(Exercise instructions):
Below are some records: retype them all exactly, but not the pictures.

====== Records for the exercise ======

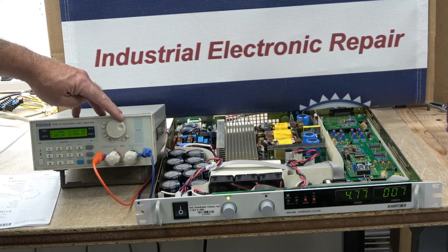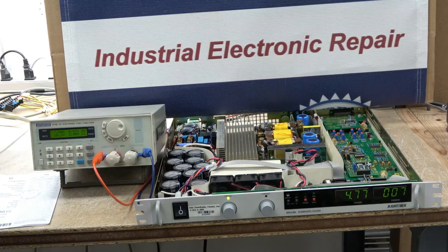After the repair, we fully load this power supply up to the full 200 amps it is capable of supplying.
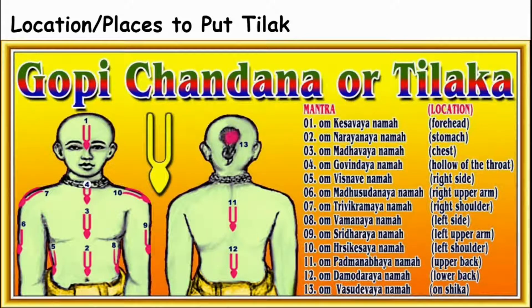Location and places to put Diluk. In this picture, these are the places that you put Diluk, and there are 13 mantras that go with it. For example, on the forehead you say 'Om Keshavaya Namaha' and so on. You must say these verses while putting Diluk — it is really important.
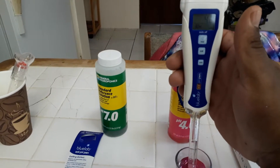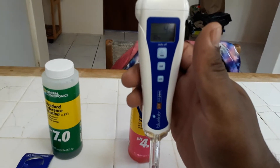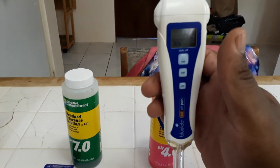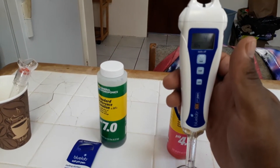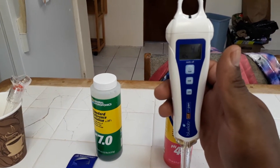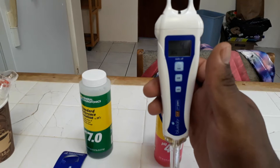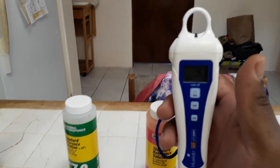It seems to have stopped around 4.2. It takes a while to pick up the pH, so just wait and make sure it's completely settled on a number before you take the reading — you don't want inaccurate readings. It looks like it has stopped at 4.1, which is pretty good since the solution is 4.0. It's supposed to be 4.0 but 4.1 is very accurate — I'm liking this Blue Labs meter.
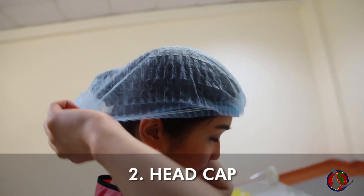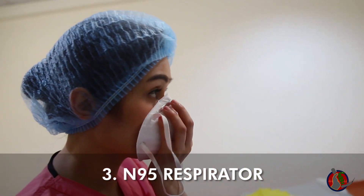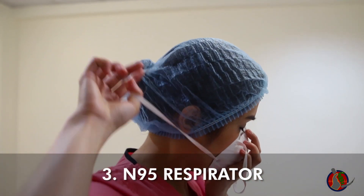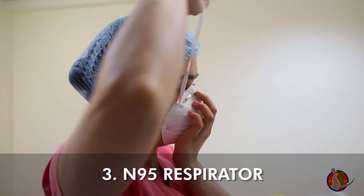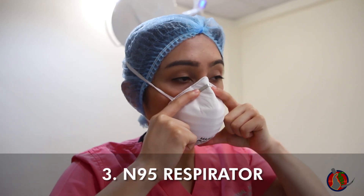Put on blue cap, making sure both ears are covered. Put on N95: cup mask onto palm and put on. The lower strap should be first and positioned just slightly below the ears. Follow with the upper strap and position over the occipital bun. Mold at the nose and check for air leaks.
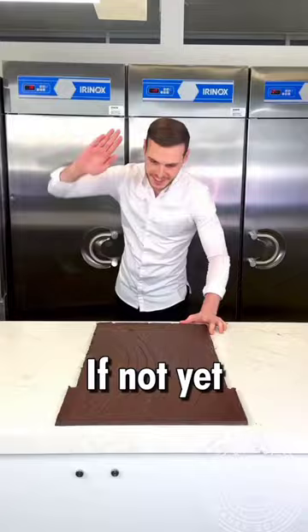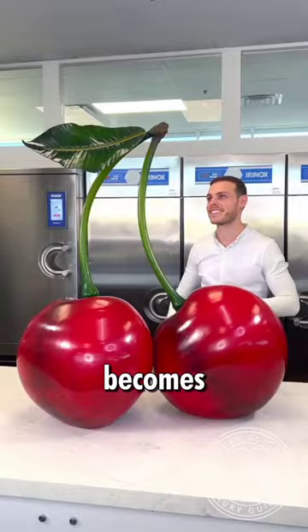But can you guess what he's creating? If not yet, keep watching. Because when he sculpts a chocolate leaf and paints it with edible green color, the final product becomes crystal clear — it's beautiful and yummy chocolate cherries.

======

(Result for this exercise):
After the repair, we fully load this power supply up to the full 200 amps it is capable of supplying.
Location and places to put Diluk. In this picture, these are the places that you put Diluk, and there are 13 mantras that go with it. For example, on the forehead you say 'Om Keshavaya Namaha' and so on. You must say these verses while putting Diluk — it is really important.
It seems to have stopped around 4.2. It takes a while to pick up the pH, so just wait and make sure it's completely settled on a number before you take the reading — you don't want inaccurate readings. It looks like it has stopped at 4.1, which is pretty good since the solution is 4.0. It's supposed to be 4.0 but 4.1 is very accurate — I'm liking this Blue Labs meter.
Put on blue cap, making sure both ears are covered. Put on N95: cup mask onto palm and put on. The lower strap should be first and positioned just slightly below the ears. Follow with the upper strap and position over the occipital bun. Mold at the nose and check for air leaks.
But can you guess what he's creating? If not yet, keep watching. Because when he sculpts a chocolate leaf and paints it with edible green color, the final product becomes crystal clear — it's beautiful and yummy chocolate cherries.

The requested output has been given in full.